Panel Discussion, "Young Feminists Take on the Family" (page 4 of 7)
The Labor Force & Family Labor
AR: You're a feminist woman raising two sons. And I think
that historically we assume a goal of feminism is to make men more like
women and women more like men. A lot of us maybe reject that, but what
are you doing differently with your sons? Or in what way are you
raising them in a feminist household?
LT: My kids are
really, really young. They're one and three. So the fact that they
happen to be boys hasn't really influenced overtly, on a day-to-day
basis, it hasn't really influenced my parenting. I'm sure it must be
influencing my parenting on so many different levels that I'm not even
aware of necessarily. But I think a lot of those issues will come up
when they're older. And so, I haven't really gotten there yet.
But one thing that I can and would like to comment on is the fact
that I very much identify as a feminist. I'm involved in feminist
activist work and feminist writing. And yet, I live in a pretty
traditional family in that my husband is the one who makes the salary
that we rely on.
I don't make that much money, for a lot of
reasons. But mostly because of the fact that we have kids and I have
slowed down my career tremendously, so that I can devote a lot of time
to them.
I am married to a man. I'm the one who does the cooking
and the laundry, who drops off my three-year-old at nursery school and
picks him up. I do all of those domestic things that my husband, by and
large, doesn't do.
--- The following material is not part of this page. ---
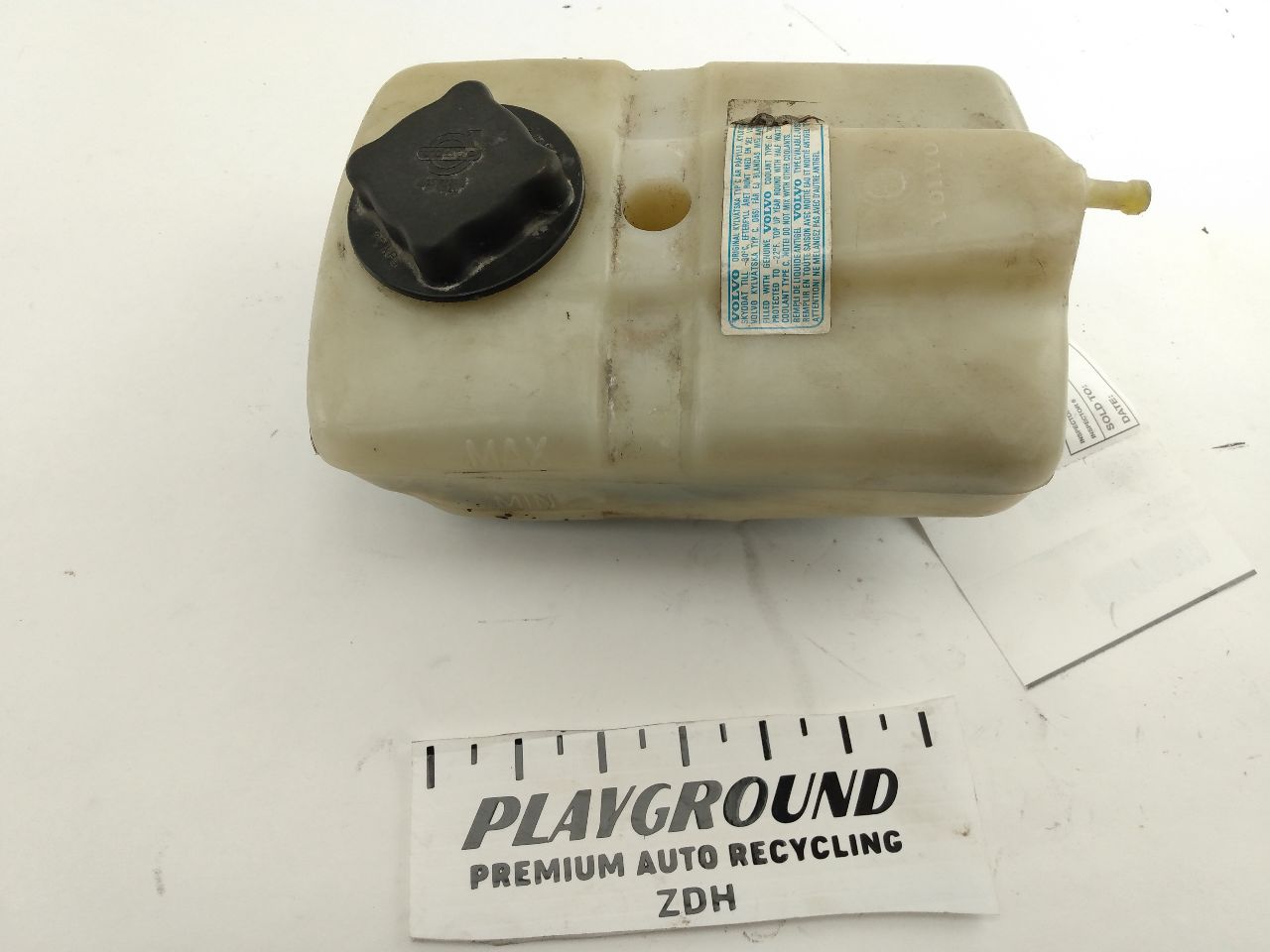 Volvo 240 Coolant Reservoir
And something that, perhaps if we have time, we
could talk about - I don't even see that necessarily as anything to do
with the fact that I am feminist or that my husband isn't, because he
is feminist. He's not sexist, even though it seems like a very
sexist arrangement. It really has to do with the structure of the labor
force, which really does force couples into an arrangement like this,
where one person does end up being the breadwinner. And one person does
end up tending the children.
And because of the sexist structure
of the labor force, by and large, it does tend to be the man who is the
breadwinner. And the woman, if this is a nuclear family that we're
talking about, ends up running around doing all of those domestic
things.
That obviously takes its toll on many different levels -
economically, psychologically and otherwise. So again, Amy, I'm sorry
I'm not so focused, I'm not exactly sure. It's definitely an
interesting thing and certainly for many of you here tonight, if you are
already starting to think - and it may be abstract or it may be
concrete, but you're trying to think about your future and what kind of
family you want to carve for yourself, these are things that are very
important to start thinking about. Knowing these realities may help
influence decisions you make about your careers and the kinds of
lifestyles you are going to lead.
It Takes a Village: Beyond the Nuclear Family
AR: I agree that it kind of falls into two roles. Some
of my first friends to have children were lesbian couples. And it
was amazing to me, in each of these instances, the birth mother was
the one who went back to work, and the other parent became the
primary parent. It proved to me that there was this need to have
one parent be the primary parent, and one be the bread winner. But
it didn't need to be based on who was having the children.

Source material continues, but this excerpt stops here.